Consideration and respect for every colleague’s needs, pressures and wellbeing
It is generally agreed that the number of meetings required to sustain team working, safeguard the wellbeing of people, maintain productivity, and meet deadlines during lockdown have soared. Microsoft have highlighted that since the start of lockdown, the time spent in Microsoft Teams meetings has more than doubled, and the average meeting time has also increased by some 30 percent (see here for further details).
Maintaining day-to-day team cohesion, wellbeing, and productivity in the face of needing a greater number of reactive, less structured, and often less planned digital interactions is exhausting, as it places an additional burden on already pressured people. This is especially true for leaders and managers that rely on floor walking and in-person observations to see how their people are working together and check that everyone is supported. Good leaders also leverage ‘light touch’ in-person catch-ups and relaxed coaching sessions to get to know everyone and offer personalised support or guidance, perhaps over a private coffee or after-work drink. It’s important that we continue to have workplace relationships that offer personalised support, relaxed coaching sessions, on-the-job skills development, and the opportunity to explore career progression options in ways that don’t place unfair or disproportionate pressure on anyone.
Safeguarding diversity, fairness, and inclusion
There’s a growing weight of evidence, illustrated by this recent Harvard Business Review article, that frequent and organic interactions between colleagues in the office environment offers people increased opportunities to take-on new skills, build stronger relationships and professional networks that better support them, and help them identify new roles and career development options.
We are justifiably concerned that without oversight and deliberate intervention, workplaces could lose important diversity and inclusion elements, quickly reverting to the type of professional environments heavily influenced by smaller, less representative, but largely co-located groups of colleagues.
We have worked very purposefully for nearly 30 years to build a fair, inclusive and egalitarian workplace environment. For this reason, we remain committed to ensuring that our people are supported and coached as we move towards more flexible, hybrid working. It’s important that people do not become isolated or closed off from the types of opportunities that colleagues spending time in the office will more organically have access to.

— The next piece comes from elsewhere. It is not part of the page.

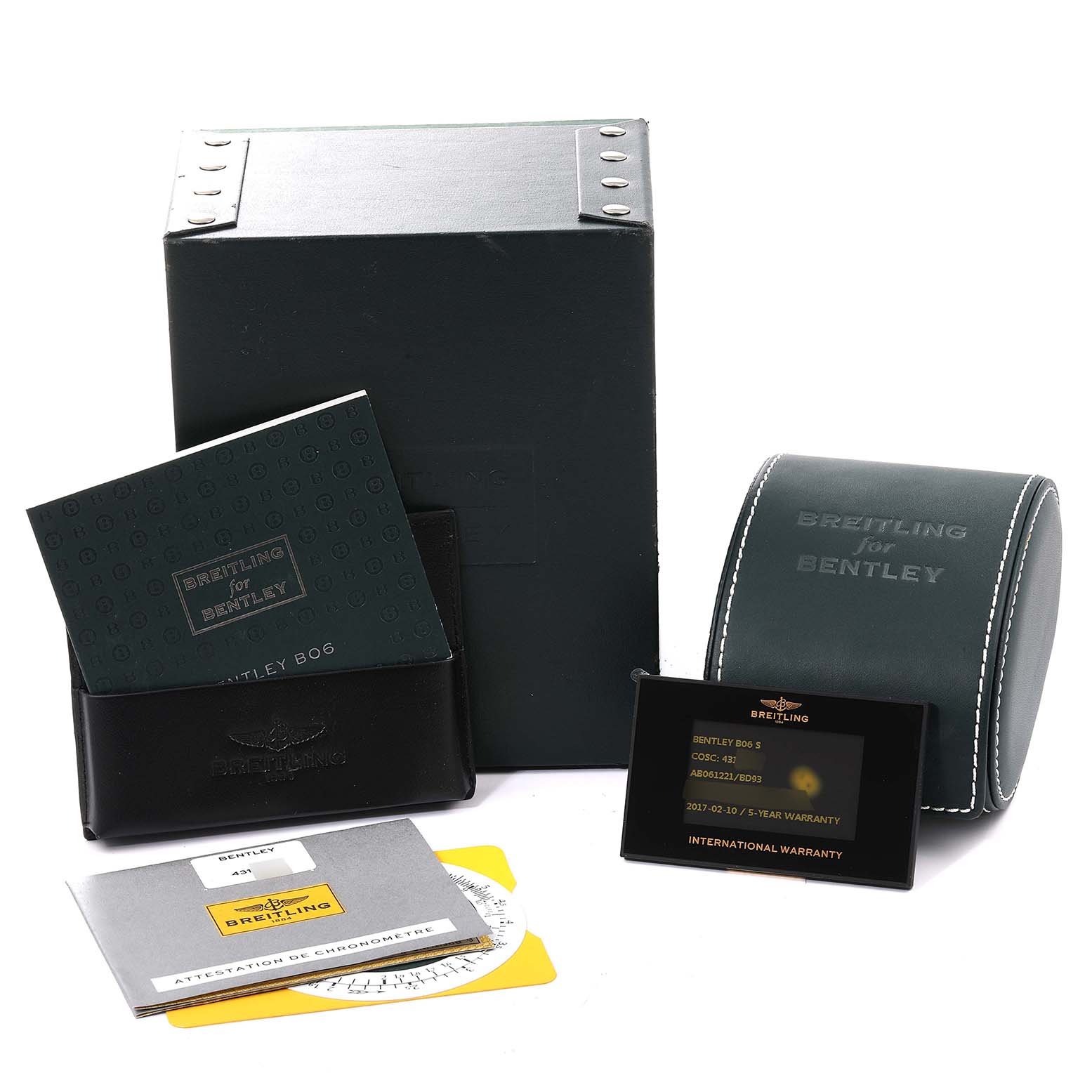 The image shows various accessories for the Bentley model by Breitling, including the box, documentation, warranty card, and carrying case.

Despite the extensive work that we have undertaken, we certainly do not have all the answers. We’ll continue to work together to create a sustainable, adaptive solution to flexible and hybrid working. Having reflected long and hard on what matters most to our people and business, we believe that we have identified the key ingredients to our future success.
Our way forward will take a people and values-based approach, gathering insights offered by other leaders, and learnings from our own experiences of working through the challenges presented by the Covid-19 pandemic. Problem solving, collaborating, and innovating is in our DNA, and we’re now collectively applying ourselves to the challenge of building sustainable, flexible, fair, inclusive, and better ways of working together.